Yesterday the government announced £298 billion on defence. Today the row is about the roads it cut to pay for it. That tells you everything about how this plan was built.
The Department for Transport will lose £700 million from its roads budget. The A46 Newark Bypass and the A38 Derby Junctions are on the chopping block, both part of the government’s own £27 billion Road Investment Strategy announced earlier in 2026. Neither has entered contract. Both were described by local MPs as well advanced and strategically important. Both were promised to communities that were told infrastructure investment was coming. Both have been offered up to pay for submarines and drones that those communities will never see.
East Midlands Mayor Claire Ward said her region appeared to be “the only region told it is sacrificing its road investment programme.” She was not consulted. Lincoln MP Hamish Falconer, Labour, called the A46 scheme “excellent value for money and of strategic importance” and said he would seek an urgent meeting with the incoming Prime Minister. The TSSA general secretary said “it is because of decisions like this that Keir Starmer’s premiership came to an end.”
This is the pattern that destroyed Starmer.
She is right. Promise investment. Announce the headline. Then quietly raid the budgets that were supposed to deliver the investment to pay for something else. The winter fuel cut was the first. The employer National Insurance increase was the second. The road cuts are the third. Each time the same structure: a big national announcement funded by taking money from the people who were told they would benefit from it.
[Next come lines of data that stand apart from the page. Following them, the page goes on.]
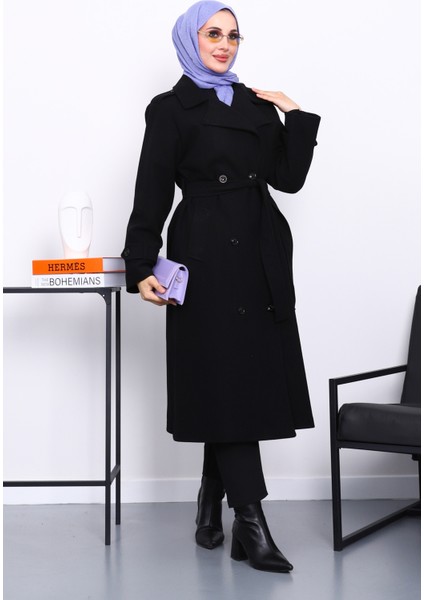 Siyah Kruvaze Yaka Kuşaklı Kaşe Kaban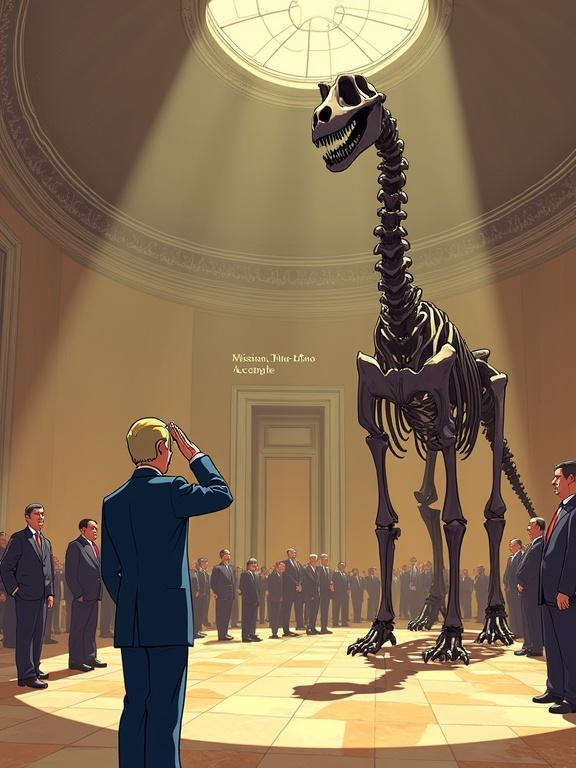 Cartoon illustration of a president saluting a diplodocus skeleton in a large museum hall with marble floors. Soft warm lighting shines from above creating shadows. The president wears a navy-blue suit holding a small flag. The dinosaur skeleton is towering over the scene and baffled onlookers surround it. Inscription reads 'Mission: Dino Accomplie'. A fun and humorous scenario in 9:16 ratio.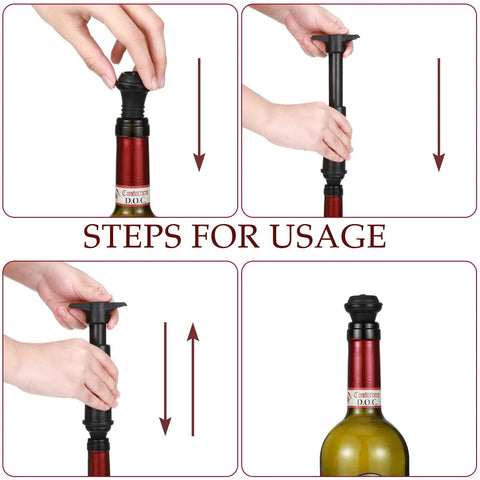 Steps showing how to use 24 Piece Wine Stopper Set With Vacuum Pump And Silicone Saver Keeps Wine Fresh Sealed And Flavorful In Kitchen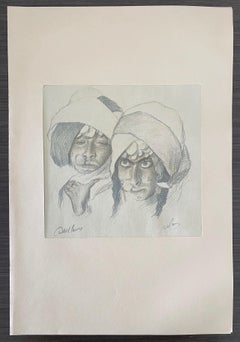 Vintage Abel Pann Israeli Bezalel School Lithograph Judaica Biblical Print Jewish Art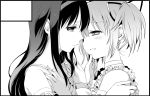  2girls akemi_homura arm_garter black_hair blush chin_grab eye_contact hair_ribbon hairband hand_on_another&#039;s_chin incipient_kiss kaname_madoka long_hair looking_at_another mahou_shoujo_madoka_magica monochrome multiple_girls open_eyes parted_lips playing_with_another&#039;s_hair ribbon short_hair short_twintails simple_background smile twintails white_background yamada_ako yuri 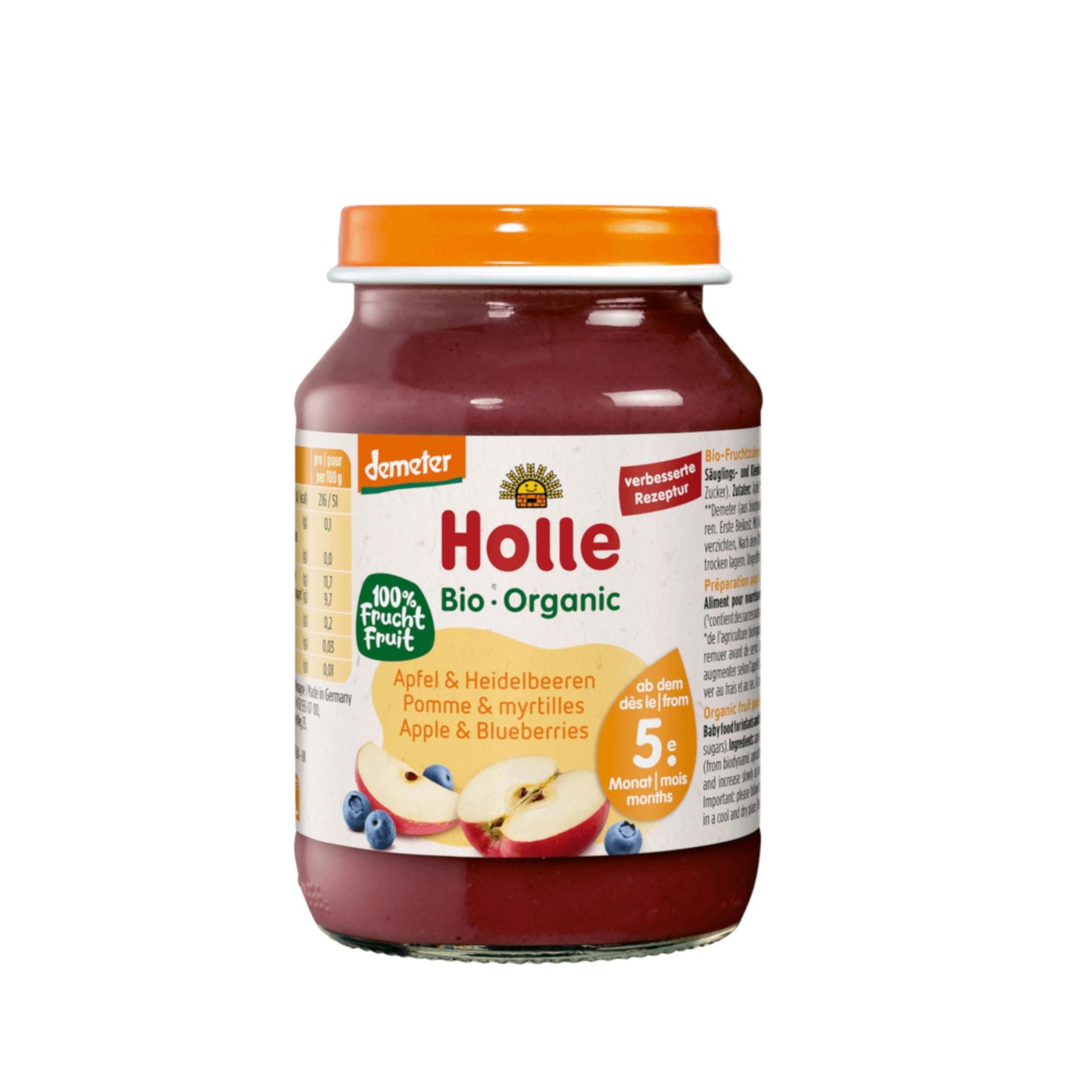 Papinha de Maçã e Mirtilo (a partir dos 4 meses) Eco/Dem Holle 190g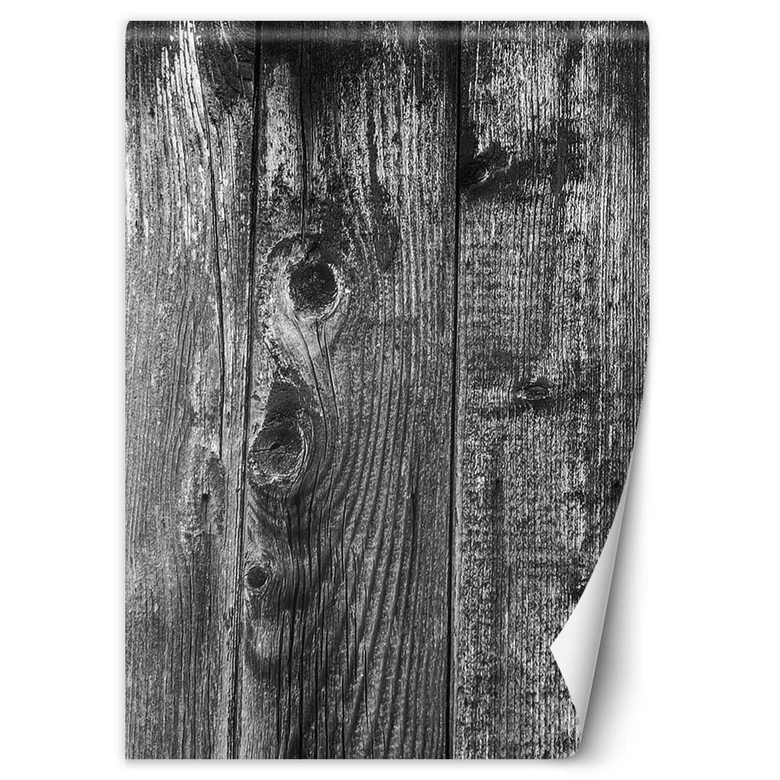 Fototapete, Schwarz weiß Holz Bretter 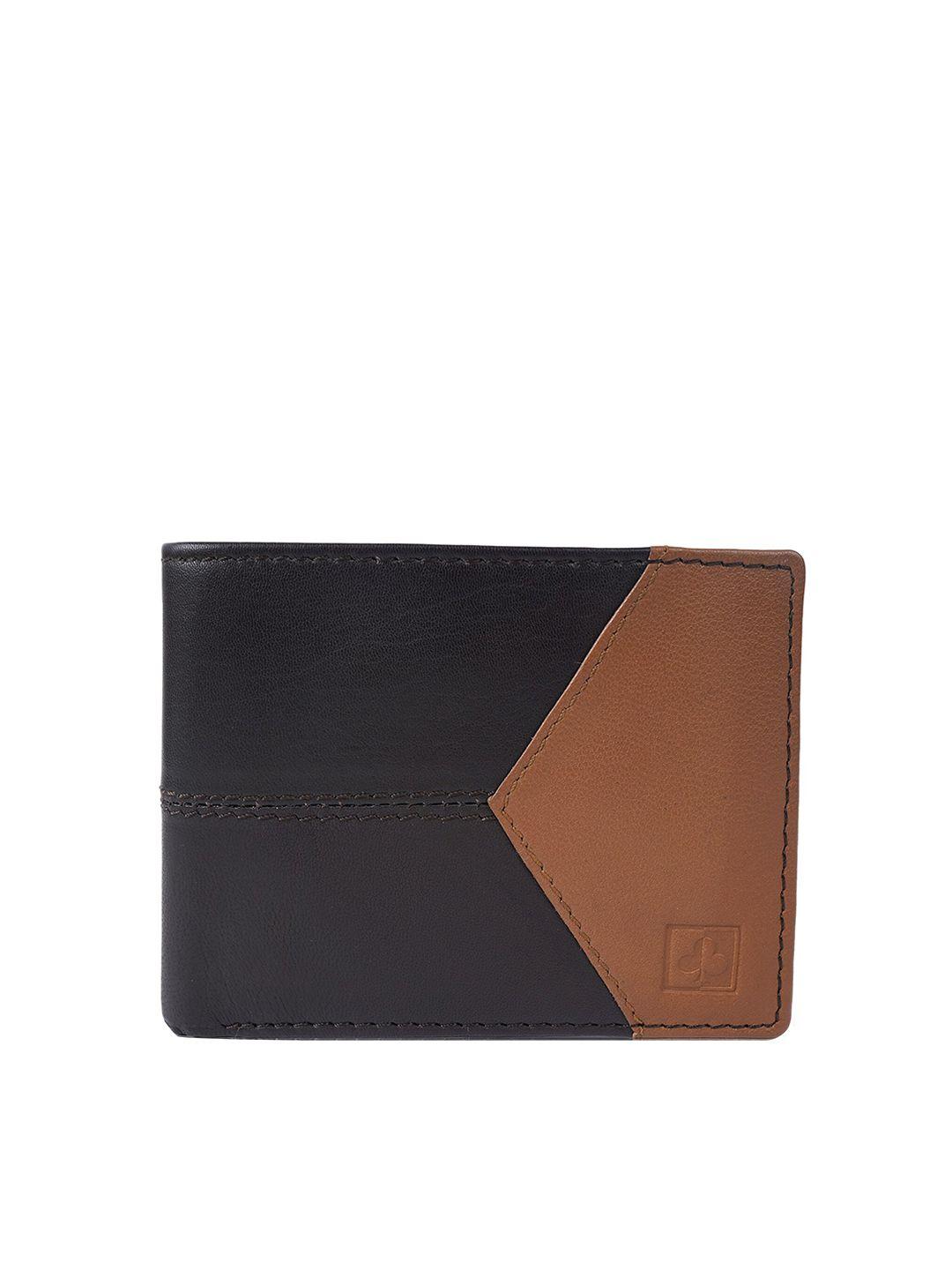 cimoni unisex black & brown colourblocked leather two fold wallet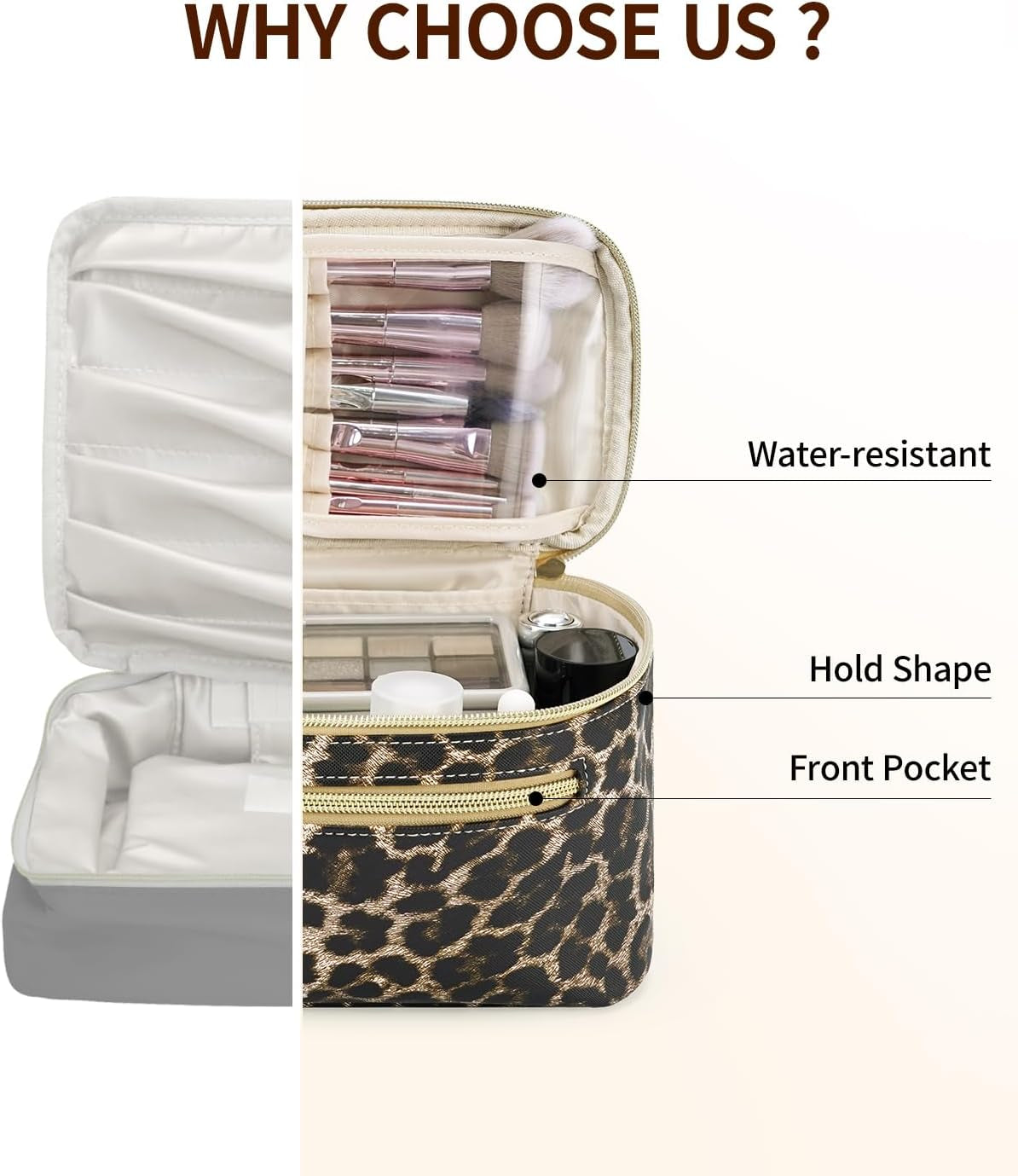 Travel Makeup Organizer and Cosmetic Brush Case for Women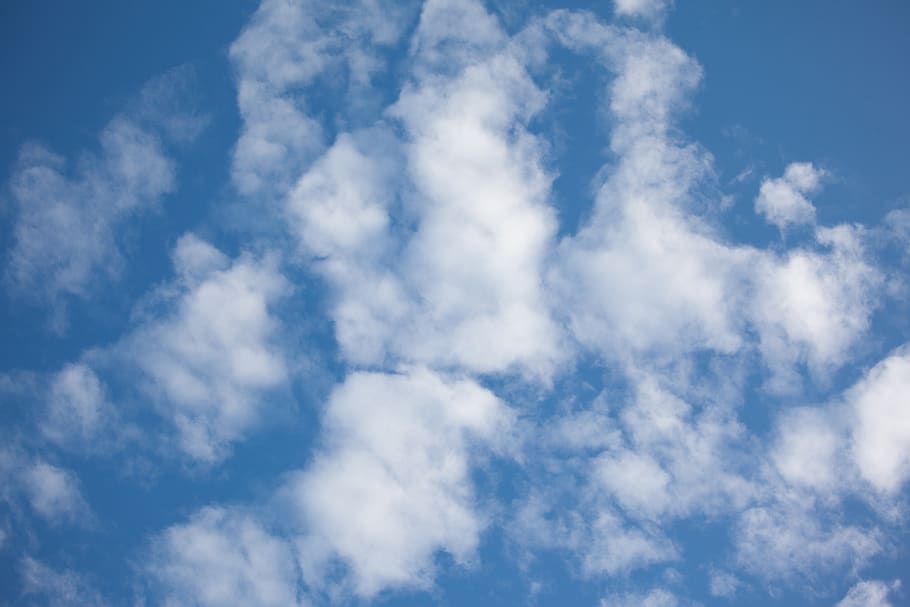 blue sky, white clouds, clear light, saturated, cloud - sky HD wallpaper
The maths. £15 billion additional defence spending. £10.3 billion identified. £4.7 billion unfunded, to be confirmed at Budget 2026. The £700 million from roads and £2 billion from Energy are part of the £10.3 billion. Every department contributes 1 percent of its capital budget. Pothole repair, rail and bus services are supposedly protected. The things being cut are the road upgrades promised to communities outside London.
Burnham gave a speech on Monday about rewiring Britain and devolving power to the regions. One day later the government he is about to inherit cut regional road projects to fund national defence. If No10 North is going to mean anything, it needs to start by not taking money from the North to pay for the South’s priorities. That contradiction arrived before he did.